RECORDS SHOWN:
○ ○ ○ ○ ○ ○ ○

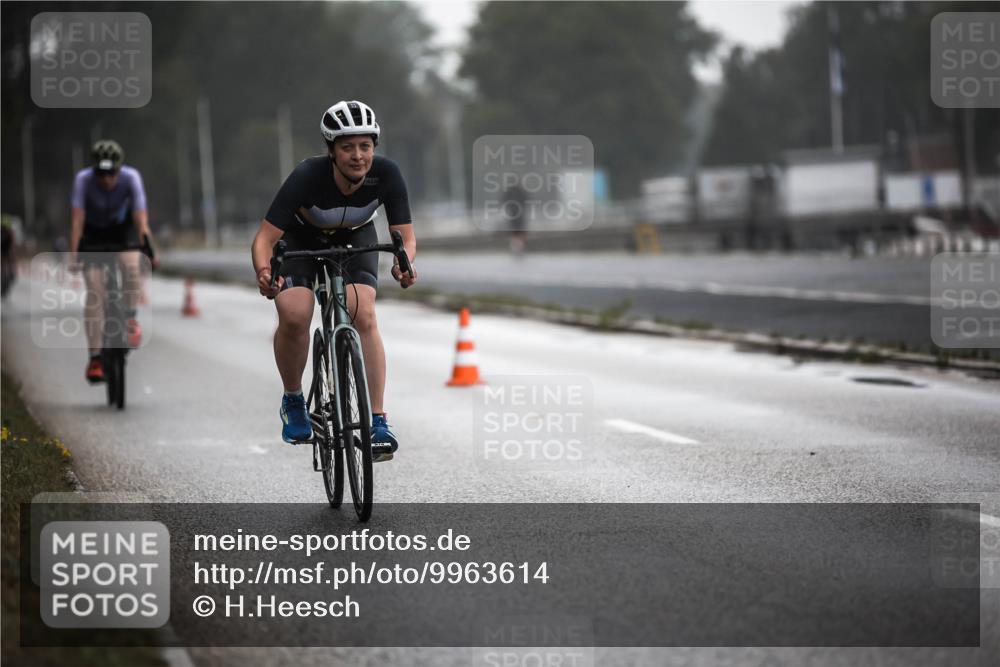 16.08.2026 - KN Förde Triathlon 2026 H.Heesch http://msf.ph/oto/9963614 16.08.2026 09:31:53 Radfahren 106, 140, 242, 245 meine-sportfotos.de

○ ○ ○ ○ ○ ○ ○

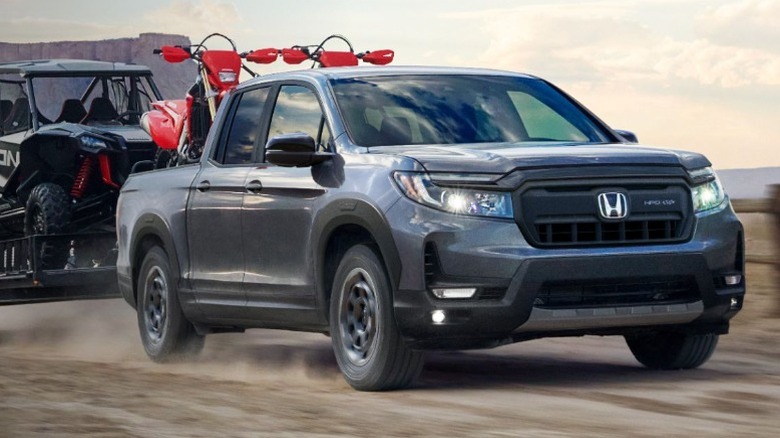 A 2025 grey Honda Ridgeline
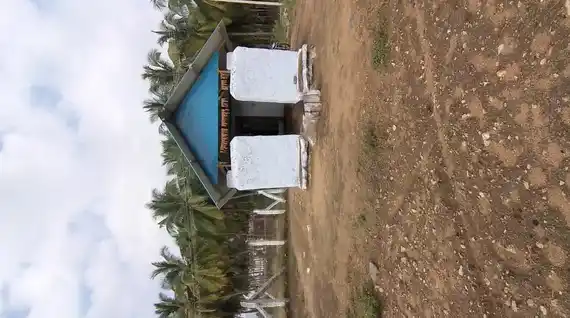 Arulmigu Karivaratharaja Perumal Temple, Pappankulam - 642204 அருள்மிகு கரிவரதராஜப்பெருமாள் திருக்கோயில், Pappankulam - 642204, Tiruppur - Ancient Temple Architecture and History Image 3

○ ○ ○ ○ ○ ○ ○

TASK STATEMENT: Look above for the line with "A 2025 grey Honda Ridgeline" and the line with "Arulmigu Karivaratharaja Perumal". Copy them and every line between, exactly, but no pictures.

RESPONSE FOR THIS EXERCISE:
 A 2025 grey Honda Ridgeline
 Arulmigu Karivaratharaja Perumal Temple, Pappankulam - 642204 அருள்மிகு கரிவரதராஜப்பெருமாள் திருக்கோயில், Pappankulam - 642204, Tiruppur - Ancient Temple Architecture and History Image 3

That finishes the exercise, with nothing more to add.